La publication du rapport intervient quelques jours après que le PDG de Tesla, Elon Musk, a assuré que l'entreprise ferait bientôt fonctionner ses véhicules de manière autonome.

Musk a même déclaré mardi lors d'une conférence téléphonique après la publication des résultats financiers du premier trimestre de l'année que « si quelqu'un ne croit pas que Tesla va résoudre la conduite autonome, je pense qu'il ne devrait pas investir dans l'entreprise ».

Musk vend Tesla en tant qu'entreprise de véhicules autonomes depuis des années, ce qui a posé des problèmes au constructeur.

En 2017, le cabinet d'avocats Hagens Berman a annoncé un recours collectif contre Tesla pour avoir prétendument induit les consommateurs en erreur concernant les fonctionnalités de son système de pilote automatique.

Et en 2021, plusieurs sénateurs ont demandé à la Federal Trade Commission (FTC) une enquête sur la publicité de Tesla pour Autopilot, qu'ils ont qualifiée de « trompeuse » et « dangereuse ».

Malgré son nom, Autopilot, le système d'aide à la conduite de Tesla, n'est qu'un système de niveau 2 (L2) de conduite autonome, sur une échelle dans laquelle L5 est le maximum possible, lorsque le véhicule peut rouler dans n'importe quelle condition sans avoir besoin d'un conducteur. intervention.

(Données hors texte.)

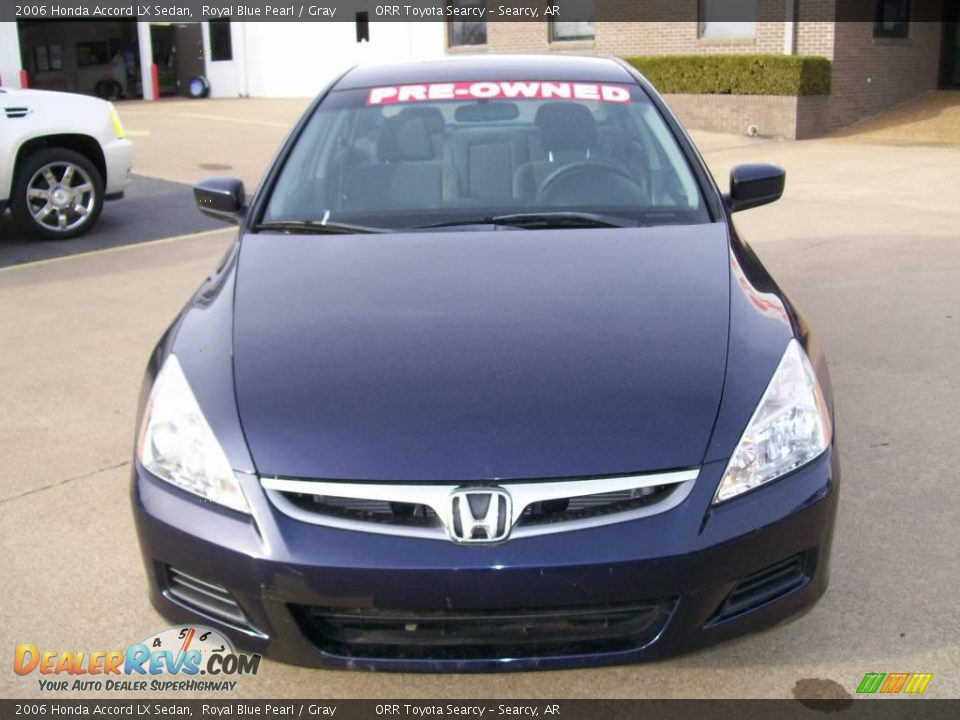 2006 Honda Accord LX Sedan Royal Blue Pearl / Gray Photo #5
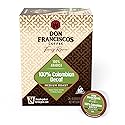 Don Francisco's 100% Colombian Decaf Coffee Pods, 24 Count, Medium Roast, Compatible with Keurig Brewers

D'autres constructeurs ont équipé leurs véhicules de systèmes d'aide à la conduite L2. La NHTSA a rappelé que les voitures équipées de L2 « doivent utiliser des systèmes d’interaction avec le conducteur et des contrôles d’utilisation appropriés et suffisants pour la conception du système L2 et les attentes du conducteur ».

Dans le cas de Tesla, la NHTSA a conclu que « les commandes du pilote automatique ne garantissaient pas une attention suffisante du conducteur et une utilisation appropriée » tout en « invitant une plus grande confiance du conducteur ».

La NHTSA a déclaré que ses conclusions sont similaires à celles atteintes par Tesla, qui a mis à jour en décembre 2023 le logiciel d'environ 2 millions de véhicules aux États-Unis pour améliorer le système de surveillance.

L'agence fédérale a ajouté qu'elle avait ouvert une enquête pour déterminer si le nouveau logiciel résout les problèmes détectés, même si l'agence a noté qu'après la mise à jour, de nouveaux accidents se sont produits dans des véhicules dont le pilote automatique était activé.